Petroleum levy: a fifty billion rupees hole

19 Sep, 2024

The prime minister was quick to take credit for the reduction in retail petroleum prices, for the fourth fortnight in a row. Motor gasoline prices are now down to the lowest in 21 months in rupee terms. The international reference price for the RON 92 grade at $74.91/bbl is the lowest in three years. Petrol prices at the pumps have come down by a massive Rs75/ltr from the peak of exactly a year ago. This is the kind of respite masses hit with runaway inflation for the best part of the last 30 months have been looking for.

But should the PM take credit for it? Yes. Credit does not necessarily have to always have a positive connotation. He gets credited for it because it has now been six straight fortnights of the new fiscal year, where the government has resisted the temptation to increase the Petroleum Levy (PL) from the existing Rs60/ltr, which has been in place for over a year now.

In dollar terms, petrol prices in Pakistan were lower way back in May 2022 – nearly two and a half years ago. Petrol at 89 cents per liter is the lowest since the first two weeks in the office for the PDM 1.0 where the infamous subsidy on petroleum via Petroleum Development Claims (PDC) went on longer than many expected. Petrol prices in the last 30 months have averaged exactly $1/ltr, with oil prices, currency and taxes facing significant changes over the course.
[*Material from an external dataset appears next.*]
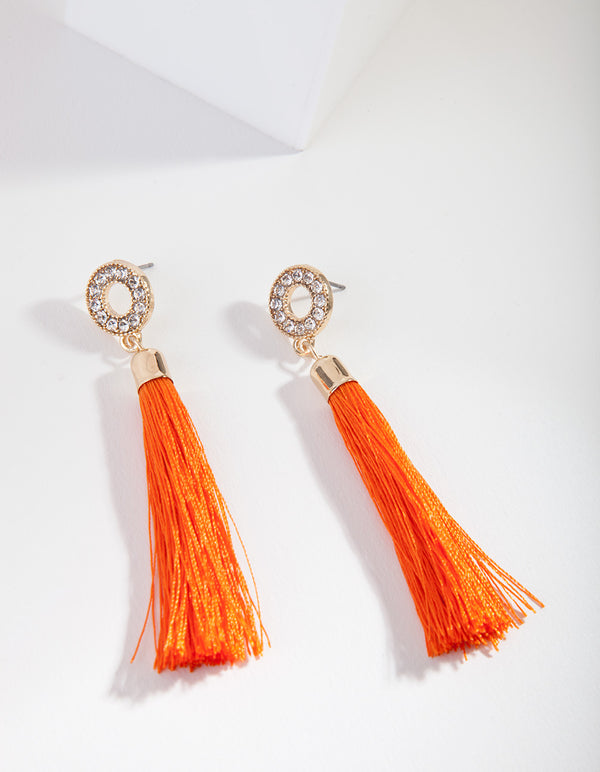 Shiny Gold Diamante Circle Tassel Drop Earrings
At well under a dollar per liter, Pakistan’s retail gasoline price is now among the lowest in the region, for major oil-importing countries. This is critical because Pakistan has set a rather ambitious revenue target from petroleum consumption for FY25 – at a hefty Rs1.29 trillion. This is up 47percent from last year’s collection of Rs869 billion.
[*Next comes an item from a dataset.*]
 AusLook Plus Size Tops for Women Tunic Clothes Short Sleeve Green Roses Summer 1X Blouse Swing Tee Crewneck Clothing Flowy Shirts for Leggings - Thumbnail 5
With one quarter of FY25 gone, the projected opportunity loss of revenue stands close to Rs45-50 billion assuming sales pattern of 2MFY25 stays on course for September. It is clear as daylight that the government will be in no position to even get close to achieving the PL target by the end of FY25 for two reasons. One, it is already a quarter late in maximizing the PL. And two, sales have stayed 10 percent lower compared to a year ago, which is very odd, given last year’s sales were already at a multiyear low.

This is also counterintuitive, given retail prices have been on a downward trajectory. Look no further than the porous western borders if you are seeking to assign blame. The revenue loss is said to run in hundreds of billions of rupees every year – and leaves as big a fiscal hole as leakages in the oft-discussed electricity and gas sectors.

It can be said with a high degree of certainty that Pakistani authorities will resort to a mini-budget of sorts right before or after the IMF program is inked. The fiscal shortages have already been aplenty with barely a quarter gone by. The center’s Rs50 billion electricity subsidies may well be financed from a PSDP cut, but it will have consequences down the road. Punjab’s rather contentious subsidy of a similar amount will also lead to trouble balancing the budget. So there clearly is a revenue problem, and this is where the authorities’ decision to delay the inevitable makes little to no sense.

Also, this week was the best time to jack up the PL – as it would have been done without having to increase the retail price. On the other hand, taxes on electricity bills continue to be treated in a completely different manner. It is a no-brainer that taxes on electricity bills are much more counterproductive than taxes on petroleum consumption. The world, and most importantly, the IMF views it with a similar lens. The forgone revenue will not be forgotten by the IMF and will come back to bite the masses in some other forms of taxes – and don’t be surprised if they go back to the favored “extra surcharge” on electricity bills. If it is the lack of political capital that is keeping the government from making the right calls, then that is bad news. Because that is not going to increase, anytime sooner, or at all.